Martin Luther kehrte ins Kloster zurück
Die meisten Mönche und Nonnen, die - wie viele andere Menschen damals auch - Martin Luther als inspirierenden, innovativen Seelsorger für die Nation betrachteten, verließen in Folge ihre Klöster. Das traf allerdings nicht auf alle zu. Die Nürnberger Nonne Caritas Pirckheimer wehrte sich dagegen, als ihr Klarissenkloster 1525 im Zuge der Reformation aufgelöst wurde. Und sie war kein Einzelfall.
Auch in Wittenberg leerte sich das Kloster der Augustiner-Eremiten, zu denen Luther gehörte. Und was tat der Reformator? Genau das Gegenteil. Er nahm wieder Wohnung in seinem Kloster, legte sein Ordenskleid an und ließ sich eine Tonsur scheren, als er von der Wartburg im März 1522 nach Wittenberg zurückkehrte.
Dort hatte er nämlich für ein knappes Jahr keine Ordenskleidung getragen, weil dies für sein Überleben wichtig war. Auf dem Reichstag von Worms wurde er im April 1521 wegen seiner Schriften als vogelfrei erklärt. Sein Landesherr, der sächsische Kurfürst Friedrich der Weise, ließ ihn deshalb auf der Rückreise kidnappen und zu seiner Sicherheit auf der Wartburg verstecken. Dort lebte Luther dann ein Jahr als Junker Jörg in Kleidung, die seinem Stand angemessen war. Er ließ sich einen Bart und das Haupthaar wachsen, damit er nicht als Mönch zu erkennen war.
Viel Platz für ein neues Leben
Auch nachdem Martin Luther über den Kleidungswechsel mitgeteilt hatte, das er sich nicht mehr dem Ordensstand zugehörig fühlte, blieb er nun in dem Kloster wohnen.

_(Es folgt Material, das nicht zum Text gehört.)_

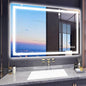 LED Bathroom Mirror 48"x 32",Front Lit and Backlit Bathroom Mirror with Lights,Stepless Dimmable,Anti-Fog, Shatter-Proof, Memory, 3 Colors Lighted Vanity Mirror (Horizontal/Vertical)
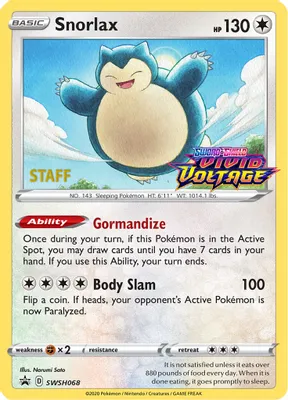Snorlax - SWSH068 (Prerelease) [Staff] from SWSH: Sword & Shield Promo Cards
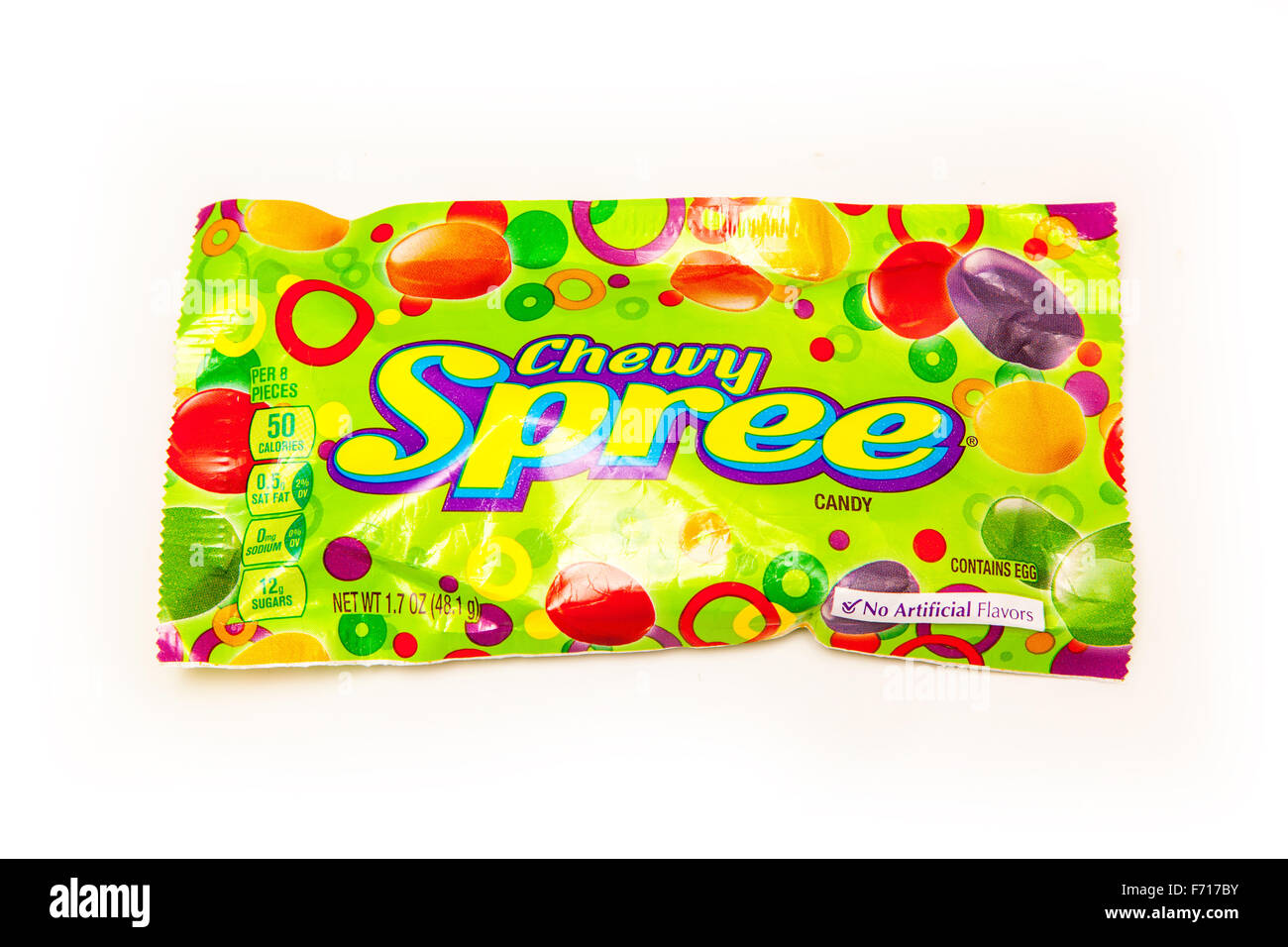 Packet of American Chewy Spree candy isolated on a white studio background. Stock Photo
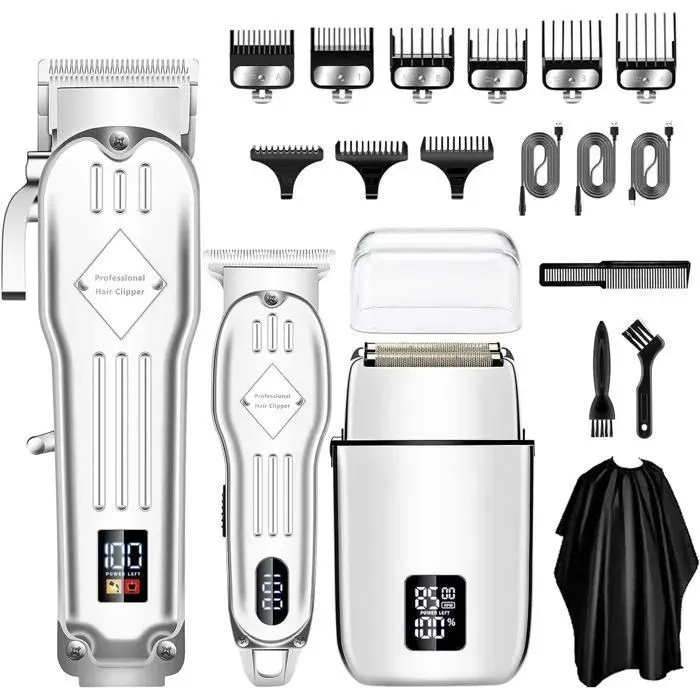 Tondeuse Cheveux Professionnelle avec Écran LED Sabots 9 pièces et Rasoir Inclus Sans Fil Rechargeable - pour la fête des pères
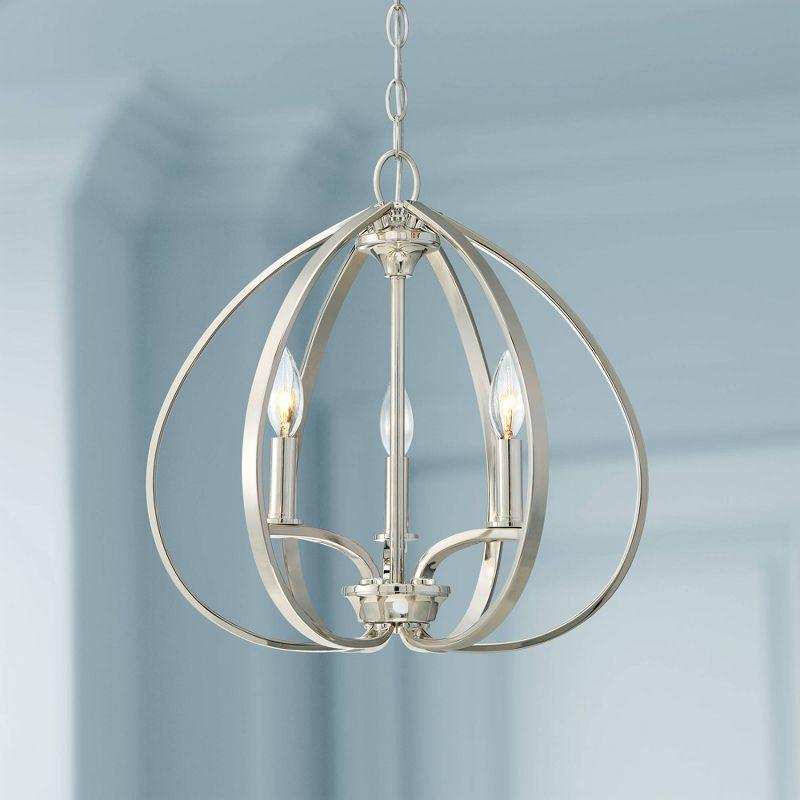 Minka Lavery Polished Nickel Pendant Chandelier 16 1/2" Wide Modern 3-Light Fixture for Dining Room House Foyer Kitchen Entryway
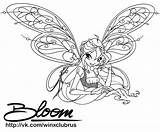 Winx Club Coloring Pages Bloom Kids Colouring Meal Happy Dolls Line sketch template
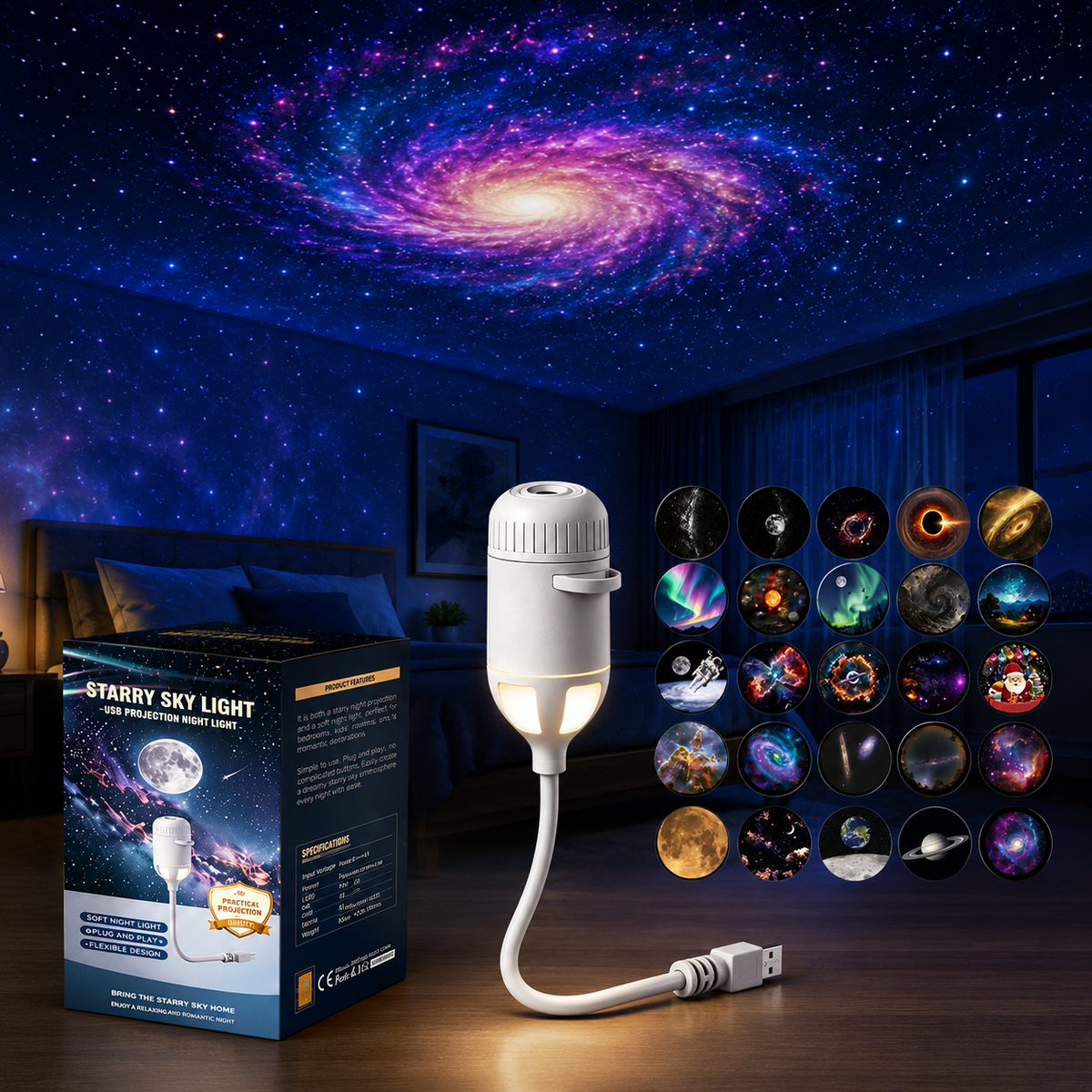 Mini Projector Small Night Light Bedroom Sleep Eye Protection Starry Sky Atmosphere Light USB Powered Intelligent Control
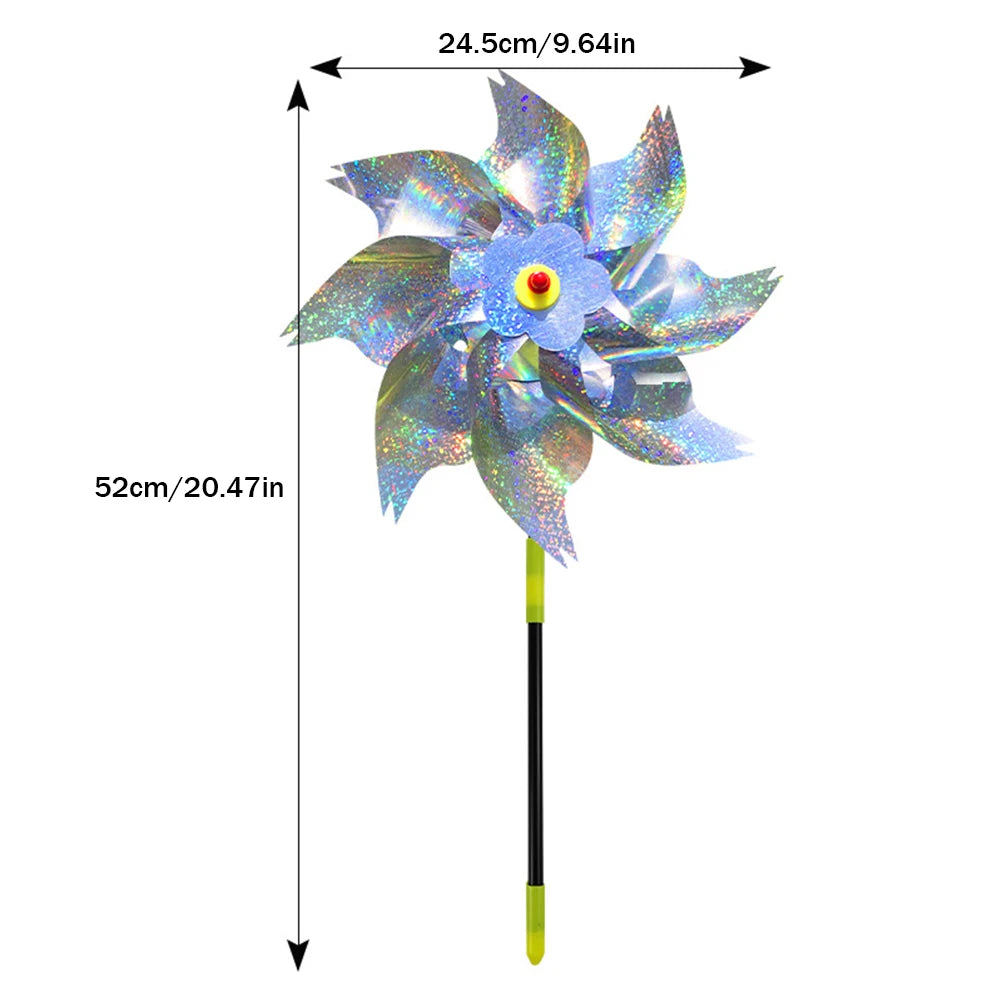 moulin vent multicolore brillant moderne décoration jardin protection oiseaux piquet facile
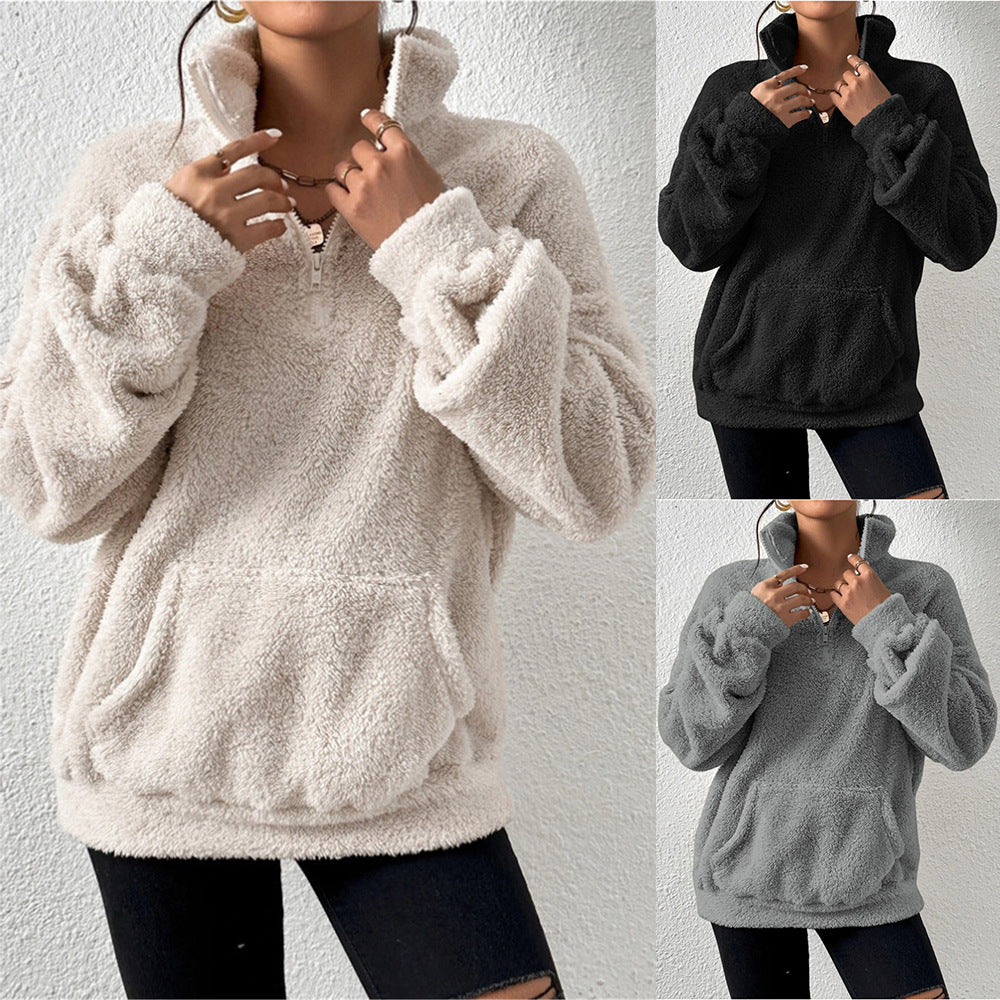 Autumn And Winter European And American Velvet Stand Collar Sweater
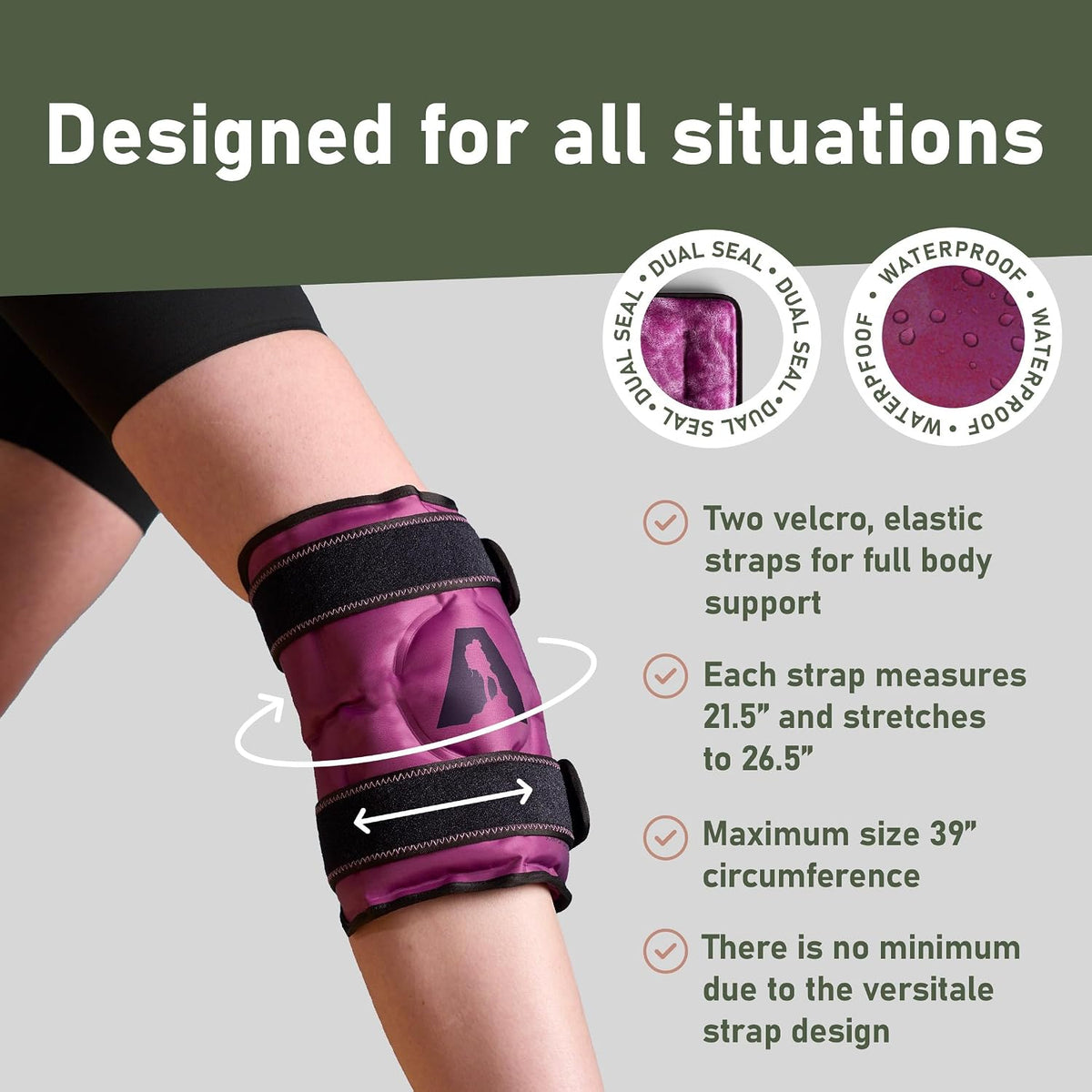 Flexible Knee Wrap Hot and Cold Gel Pack 10" x 12.5"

Die anderen Mönche waren bereits ausgezogen. So war, nach seiner Hochzeit mit Katharina von Bora im Juni 1525, viel Platz für Luthers neues Leben als Ehemann und Familienvater.
Der Orden der Augustiner-Eremiten geriet durch die Reformation in eine schwere Krise, konnte sich aber gegen Ende des 16. Jahrhunderts wieder stabilisieren und wachsen. Dennoch ist der Augustinerorden noch immer nicht gut auf Luther zu sprechen. Das zeigt etwa ein Beitrag des amtierenden Generalpriors des Augustinerordens, Alejandro Moral Anton, in der Vatikanzeitung "Osservatore Romano" im Oktober 2017. Anton äußerte sich kurz vor dem Gedenken an den Beginn der Reformation vor 500 Jahren.
"Enormer Schaden"
Luther habe sich nicht nur persönlich von den Augustinern abgewandt, sondern das Ordensleben an sich "mit aller Kraft verdammt" und eine Massenflucht aus den Klöstern mitbefördert. "Der Schaden für den Orden und das religiöse Leben in Deutschland war enorm", konstatierte der Generalprior.